Democratic Progressive Party (DPP) Kaohsiung mayoral candidate Chen Chi-mai (陳其邁) urged his supporters at his election-eve rally to get justice for Kaohsiung and for the city’s three-term former mayor, Presidential Office Secretary-General Chen Chu (陳菊), by voting today.
“Chinese Nationalist Party [KMT] Chairman Wu Den-yih (吳敦義) called her [Chen Chu] a ‘fat sow’ and [KMT Kaohsiung mayoral candidate] Han Kuo-yu [韓國瑜] described Kaohsiung as an old and poor city,” Chen Chi-mai said.
Photo: Chang Chung-i, Taipei Times
“Let us translate our anger into action and use our ballots to safeguard Kaohsiung, to show Chen Chu that we care about her and to get justice for the city,” he said, adding that without the sacrifice of Chen Chu and other democracy pioneers in the 1979 Kaohsiung Incident, Taiwan’s democracy would not have made it to where it is today.
Chen Chu also gave a rousing speech at the rally, where she said her team spent 12 years trying to make the city a better place and that it is time she passed on the torch.
“All eyes are on tomorrow’s elections. People are waiting to see if we will let someone who barely knows anything about Kaohsiung, who has no idea where he is taking the city and who has benefited from biased coverage and the meddling of foreign forces, take over the helm of the city,” Chen Chu said, asking supporters to remained united and vote.
Premier William Lai (賴清德) and DPP New Taipei City mayoral candidate Su Tseng-chang (蘇貞昌) made a video conference call to Chen Chi-mai at the rally to show their support.
Although President Tsai Ing-wen (蔡英文) did not attend the rally, she had joined Chen Chi-mai at campaign activities earlier in the day.
The rally attracted more than its original target of 200,000 people, Chen Chi-mai’s campaign office said.
Meanwhile, Han vowed to put an end to the DPP’s 20-year governance of Kaohsiung and turn it into a rich and youthful city.

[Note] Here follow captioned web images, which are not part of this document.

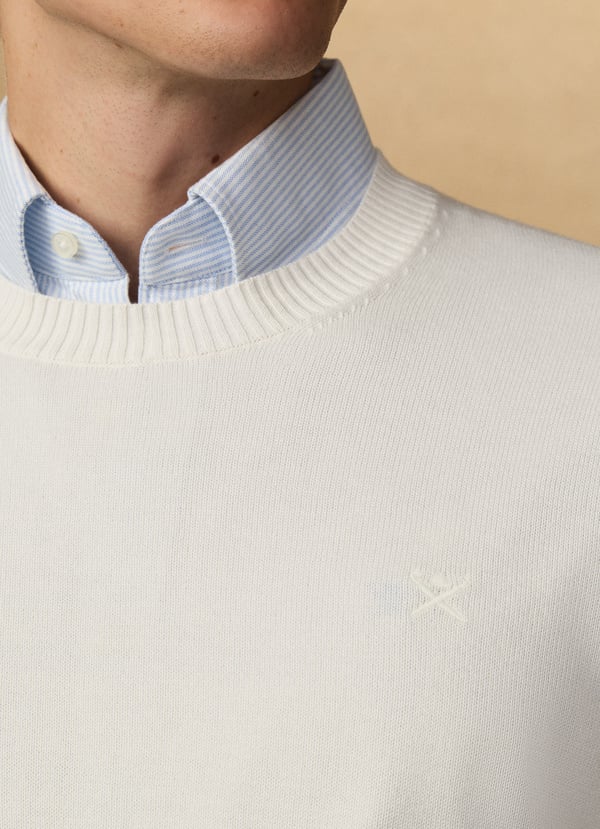 Cotton Crew-Neck Jumper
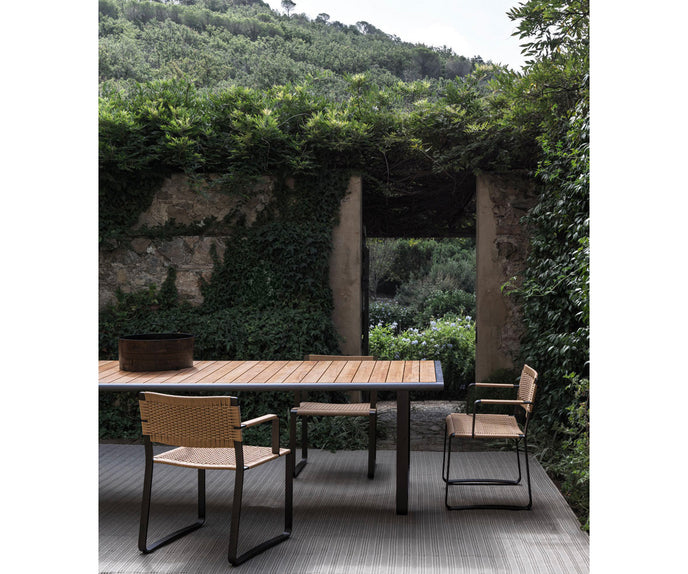 High End Golden Gate Outdoor Dining Table by Molteni&C Casa Design Group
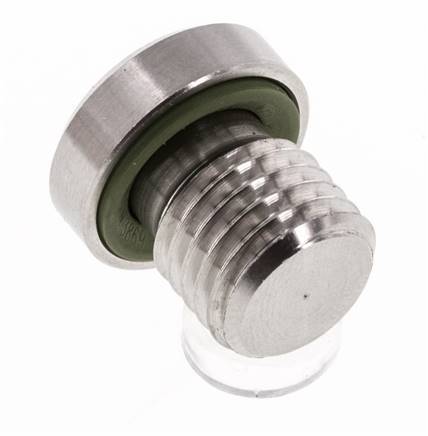 Tapón M12 X 1,5 Acero inoxidable FKM con hexágono interior 400bar (5620,0psi)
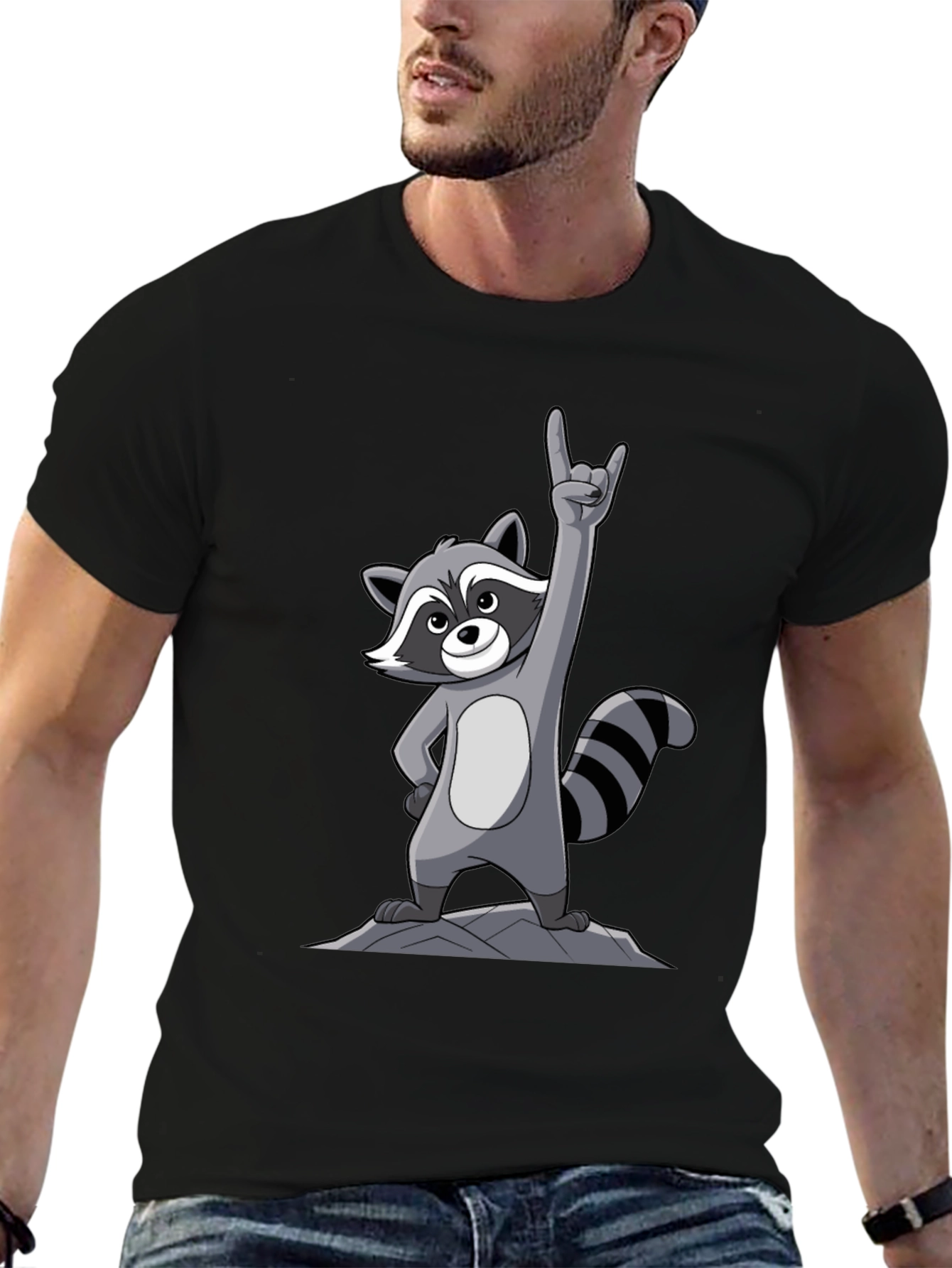 Rocker Raccoon Graphic Tee - Rock On!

As early as 4pm yesterday, large crowds of supporters began congregating at the Taiwan Sugar Logistics Park in the city, where the KMT candidate’s election-eve evening rally was held, waiving Republic of China flags and the Kaohsiung city flag.
“After suffering from 20 to 30 years of political ideology, elections have become a curse that gives Kaohsiung residents a headache... The city is like a well-dressed man who has no cash in his pocket,” Han said at the rally, which attracted about 150,000 participants.
Han said that if elected, he would transform Kaohsiung from an “old and poor” city into a “rich and youthful” one, while vowing to stay closely connected to people at the grassroots level by having a member of his team spend a night at the house of someone belonging to a medium-low income family once per month.
He also pledged to be a mayor of integrity, saying that if he is ever convicted of corruption, he would waive his right to parole hearings.